Effective Data Management
Richard Brittain
Research Computing, Dartmouth College
This presentation can be found at:
http://www.dartmouth.edu/~rc/classes/data_management/
Course Handout: (last update Tuesday, 28-Feb-2012 11:00:07 EST)
Effective Data Management
With many thanks to MIT for allowing us to borrow content from their data management bootcamp.
http://libraries.mit.edu/data-management
Dartmouth Office of Sponsored Programs web site:
http://www.dartmouth.edu/~osp/resources/data_management_planning/
Thanks to Anne Graham, Amy Stout and Katherine McNeill of the MIT library staff
for the original version of this presentation (January 2010)
Permission is granted to download and use these notes, as long as
all copyright notices are kept intact.
Richard Brittain, Dartmouth College.
Why are you here ?
- You're managing research data (your own, or your lab's)
- You're not sure how to do that
- You're not sure if you should worry about it
- You want some clues and pointers
- NSF now (Jan 2011) requires that you think about this stuff
What We Will Cover
- Data planning checklist
- Security and backups
- Directory structures and naming conventions
- Good file formats and long-term access
- Documentation and metadata
- Data sharing and citation
- Best practices for data retention and archiving
- Online Resources
Data Planning Checklist (1)
- What type of data will be produced ?
- will it be reproducible; what would happen if it got lost or became unusable later
- How much of it, and at what growth rate ? (MB/GB/TB)

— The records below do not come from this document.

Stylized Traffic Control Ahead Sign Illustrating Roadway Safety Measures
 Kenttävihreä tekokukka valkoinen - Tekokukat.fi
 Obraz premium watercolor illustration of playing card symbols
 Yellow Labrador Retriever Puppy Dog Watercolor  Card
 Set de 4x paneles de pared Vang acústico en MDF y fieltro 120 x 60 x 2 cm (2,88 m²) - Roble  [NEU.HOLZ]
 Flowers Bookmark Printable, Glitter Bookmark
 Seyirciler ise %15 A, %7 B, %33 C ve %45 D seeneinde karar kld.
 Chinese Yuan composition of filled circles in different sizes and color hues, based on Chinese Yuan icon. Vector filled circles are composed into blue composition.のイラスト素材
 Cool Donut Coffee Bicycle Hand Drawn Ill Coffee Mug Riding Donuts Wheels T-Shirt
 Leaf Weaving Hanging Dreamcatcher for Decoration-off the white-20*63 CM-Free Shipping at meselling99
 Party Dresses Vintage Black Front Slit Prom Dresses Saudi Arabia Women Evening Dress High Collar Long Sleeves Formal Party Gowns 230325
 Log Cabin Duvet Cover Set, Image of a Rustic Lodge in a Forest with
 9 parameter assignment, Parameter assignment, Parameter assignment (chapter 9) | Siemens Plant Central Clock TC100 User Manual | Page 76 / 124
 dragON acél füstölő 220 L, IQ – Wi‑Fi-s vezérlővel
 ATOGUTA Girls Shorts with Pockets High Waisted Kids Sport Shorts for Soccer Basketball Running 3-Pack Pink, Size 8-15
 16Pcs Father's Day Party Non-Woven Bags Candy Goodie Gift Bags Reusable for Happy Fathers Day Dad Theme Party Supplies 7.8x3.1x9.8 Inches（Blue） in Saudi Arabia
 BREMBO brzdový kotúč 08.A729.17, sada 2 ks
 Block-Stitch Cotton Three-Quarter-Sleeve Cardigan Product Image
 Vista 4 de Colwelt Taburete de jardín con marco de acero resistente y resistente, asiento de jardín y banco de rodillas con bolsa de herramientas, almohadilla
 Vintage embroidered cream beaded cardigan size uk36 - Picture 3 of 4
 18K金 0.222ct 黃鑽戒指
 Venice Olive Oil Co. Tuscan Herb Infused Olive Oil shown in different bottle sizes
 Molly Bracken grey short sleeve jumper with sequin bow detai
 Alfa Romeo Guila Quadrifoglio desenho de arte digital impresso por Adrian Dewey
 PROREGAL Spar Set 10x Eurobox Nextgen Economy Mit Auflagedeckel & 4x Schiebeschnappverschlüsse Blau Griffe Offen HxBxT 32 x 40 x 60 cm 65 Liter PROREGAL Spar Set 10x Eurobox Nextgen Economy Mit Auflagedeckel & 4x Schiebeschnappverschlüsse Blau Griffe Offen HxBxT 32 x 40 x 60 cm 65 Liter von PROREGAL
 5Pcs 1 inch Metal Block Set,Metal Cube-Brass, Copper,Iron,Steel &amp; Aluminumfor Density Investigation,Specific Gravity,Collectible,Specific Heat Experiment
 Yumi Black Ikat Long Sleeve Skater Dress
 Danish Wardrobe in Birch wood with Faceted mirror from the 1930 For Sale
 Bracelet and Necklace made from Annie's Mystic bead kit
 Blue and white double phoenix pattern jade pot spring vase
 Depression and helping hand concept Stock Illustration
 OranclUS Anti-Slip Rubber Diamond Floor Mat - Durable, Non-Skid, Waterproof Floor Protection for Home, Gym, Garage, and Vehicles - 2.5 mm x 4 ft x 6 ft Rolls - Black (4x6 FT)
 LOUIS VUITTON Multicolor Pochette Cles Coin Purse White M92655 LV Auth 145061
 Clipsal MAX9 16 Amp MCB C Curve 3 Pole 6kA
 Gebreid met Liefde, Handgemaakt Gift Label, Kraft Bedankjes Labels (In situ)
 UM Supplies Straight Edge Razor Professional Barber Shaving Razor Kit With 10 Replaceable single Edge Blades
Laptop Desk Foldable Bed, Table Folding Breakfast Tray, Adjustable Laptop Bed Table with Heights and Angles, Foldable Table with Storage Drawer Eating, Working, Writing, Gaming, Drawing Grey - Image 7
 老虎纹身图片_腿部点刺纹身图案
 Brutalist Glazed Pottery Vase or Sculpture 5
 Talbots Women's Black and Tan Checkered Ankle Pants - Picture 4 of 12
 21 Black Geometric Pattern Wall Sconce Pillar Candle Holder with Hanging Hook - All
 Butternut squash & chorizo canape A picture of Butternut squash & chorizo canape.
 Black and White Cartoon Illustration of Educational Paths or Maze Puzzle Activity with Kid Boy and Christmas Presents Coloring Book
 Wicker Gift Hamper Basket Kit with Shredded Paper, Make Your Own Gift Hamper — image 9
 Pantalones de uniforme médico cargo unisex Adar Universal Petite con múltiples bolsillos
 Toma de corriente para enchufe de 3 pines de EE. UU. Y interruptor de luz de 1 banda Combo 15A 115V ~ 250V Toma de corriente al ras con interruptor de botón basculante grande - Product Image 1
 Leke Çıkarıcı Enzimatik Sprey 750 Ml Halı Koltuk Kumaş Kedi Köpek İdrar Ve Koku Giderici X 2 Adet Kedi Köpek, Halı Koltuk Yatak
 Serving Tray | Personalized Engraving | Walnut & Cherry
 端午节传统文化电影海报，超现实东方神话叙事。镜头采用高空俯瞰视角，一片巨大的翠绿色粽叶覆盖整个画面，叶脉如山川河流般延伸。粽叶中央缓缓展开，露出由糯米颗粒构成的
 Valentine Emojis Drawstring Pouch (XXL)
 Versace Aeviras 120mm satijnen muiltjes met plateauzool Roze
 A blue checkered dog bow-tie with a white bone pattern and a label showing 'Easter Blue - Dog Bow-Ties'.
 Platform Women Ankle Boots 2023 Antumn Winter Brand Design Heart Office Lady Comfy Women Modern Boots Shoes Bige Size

- Will it change frequently ?
- Who is it for ?
- Who controls it (PI, student, lab, Dartmouth, funder) ?
- How long should it be retained ?
- e.g. 3-5 years, 10-20 years, permanently
Data Planning Checklist (2)
- Are there tools or software needed to create/process/visualize the data?
- Any privacy requirements from the funders or lab?
- e.g. human subjects (HIPAA requirements), personal data, high security data
- Any sharing requirements from the funders or lab?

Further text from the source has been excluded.